Hide and Seek

The thing is, this was a good movie. Several inevitable games of Hide and Seek, of course, but even those managed (for the most part) to be tense and creepy, rather than like the lame repetitive device they could have been.

Anyway, plot: Robert De Niro’s wife thinks their marriage is irreconcilable, and then suicides herself in the bathtub. Daughter Dakota Fanning (who is a beautiful little girl; just ask anyone in the script) goes a little bit insane. After a poorly defined period of time, De Niro takes his daughter to a gigantic house in upstate New York, so that she’s not surrounded by memories. Instead, she’s surrounded by an empty house, a creepy-looking cave in the woods, and De Niro’s hands off parenting approach, learned, apparently, through years of careful psychologist-being.

Naturally, she has no choice but to invent an imaginary friend. Except, the friend starts creating lots of scary mayhem, leading the audience to wonder: is the little girl doing all the stuff she blames on Charlie? Or is it the creepy neighbor? The meddling real-estate agent? A giant lovable-but-without-social-graces bear who lives in the cave? A hillbilly with only three teeth, who lives in the cave? Whoever it is, good camera work and acceptable child-acting keep the tension and the mysteriousness high, so I’ll say no more lest I give it away. (It’s not the bear, though.)

I think it’s because it worked so well that the flaws grate on me. Elisabeth Shue wanders in and out of the movie as the aunt of young Dakota’s would-be local townie friend, who seems to maybe want to date De Niro. And he seems maybe to want to date her too. It’s played too low key to understand, and it doesn’t help that it feel like his wife has been dead just a handful of months.

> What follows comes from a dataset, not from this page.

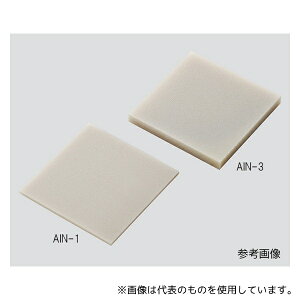 AY AlN-10-1 A~(10×10×1mm)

The final act drags on for an eternity beyond the (very-well played) climax, removing a lot of the goodwill I had toward the film. And then, even worse, the final two scenes both contained pointless groaners that could easily have been avoided. My recommendation: See it. Good mood piece, decent creep factor and the thing where they make you want to know what’s actually going on. But after the climax (you’ll know it when it happens), move on to something else. Whatever ending you make up in your own mind will be superior.